Madrid a sollicité discrètement ses partenaires européens pour qu’ils s’abstiennent de toute critique publique envers le Maroc concernant sa gestion de la crise migratoire de Ceuta. Cette requête a été formulée lors d’une réunion en ligne des ministres de l’Intérieur, alors que l’Europe s’interrogeait sur l’afflux massif de 72 000 personnes sur le territoire espagnol en Afrique du Nord en un laps de temps très court.
La position espagnole souligne la volonté de l’Union européenne de maintenir des liens solides avec Rabat, un partenaire essentiel pour la régulation des flux migratoires futurs et la coopération antiterroriste. Le royaume chérifien est un allié de longue date de l’UE dans la lutte contre le terrorisme et le partage de renseignements stratégiques.
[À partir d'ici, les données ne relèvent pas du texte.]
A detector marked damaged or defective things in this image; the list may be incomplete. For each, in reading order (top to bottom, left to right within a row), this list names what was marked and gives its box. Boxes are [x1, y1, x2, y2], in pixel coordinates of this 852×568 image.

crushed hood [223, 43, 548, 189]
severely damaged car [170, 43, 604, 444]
Interrogé sur les responsabilités de cette crise lors d’une conférence de presse, Fernando Grande-Marlaska, ministre espagnol de l’Intérieur, a déclaré : « Il n’y a pas nécessairement quelqu’un à blâmer. » À l’exception d’une discrète remarque du ministre de la Défense, le gouvernement espagnol a évité toute accusation directe envers Rabat.
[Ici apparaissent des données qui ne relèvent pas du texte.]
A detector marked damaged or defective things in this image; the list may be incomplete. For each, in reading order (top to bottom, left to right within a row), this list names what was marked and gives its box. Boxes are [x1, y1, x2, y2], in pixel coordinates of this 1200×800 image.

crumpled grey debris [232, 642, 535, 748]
Selon des informations recueillies auprès d’une source gouvernementale occidentale, le Maroc aurait, au moins implicitement, permis cette vague d’entrées à Ceuta, perçue comme un message politique adressé à Madrid.
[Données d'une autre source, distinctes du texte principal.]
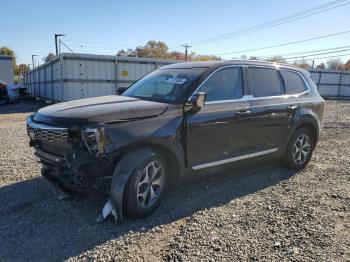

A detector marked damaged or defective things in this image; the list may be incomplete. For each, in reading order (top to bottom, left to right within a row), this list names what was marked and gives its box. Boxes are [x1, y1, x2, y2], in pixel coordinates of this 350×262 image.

crumpled hood [34, 95, 170, 127]
broken headlight [82, 126, 105, 157]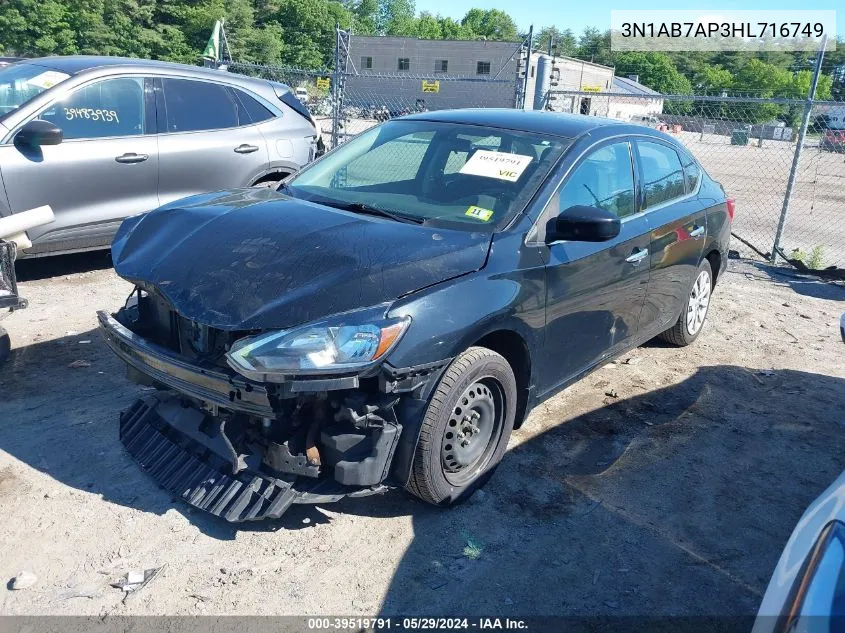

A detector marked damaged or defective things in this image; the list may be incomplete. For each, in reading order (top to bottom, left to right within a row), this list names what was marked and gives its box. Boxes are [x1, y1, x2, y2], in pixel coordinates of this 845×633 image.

crumpled front bumper [118, 392, 386, 520]
damaged black sedan [99, 111, 732, 520]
La situation a également été exacerbée par la diffusion de fausses informations sur les réseaux sociaux, notamment concernant un prétendu arrêt de la Cour suprême espagnole interdisant les retours forcés « immédiats » des migrants arrivés par voie maritime à Ceuta et Melilla. Des observateurs occidentaux ont également noté une réaction « très rapide et à grande échelle » de la part d’acteurs de la désinformation russes face aux événements frontaliers hispano-marocains.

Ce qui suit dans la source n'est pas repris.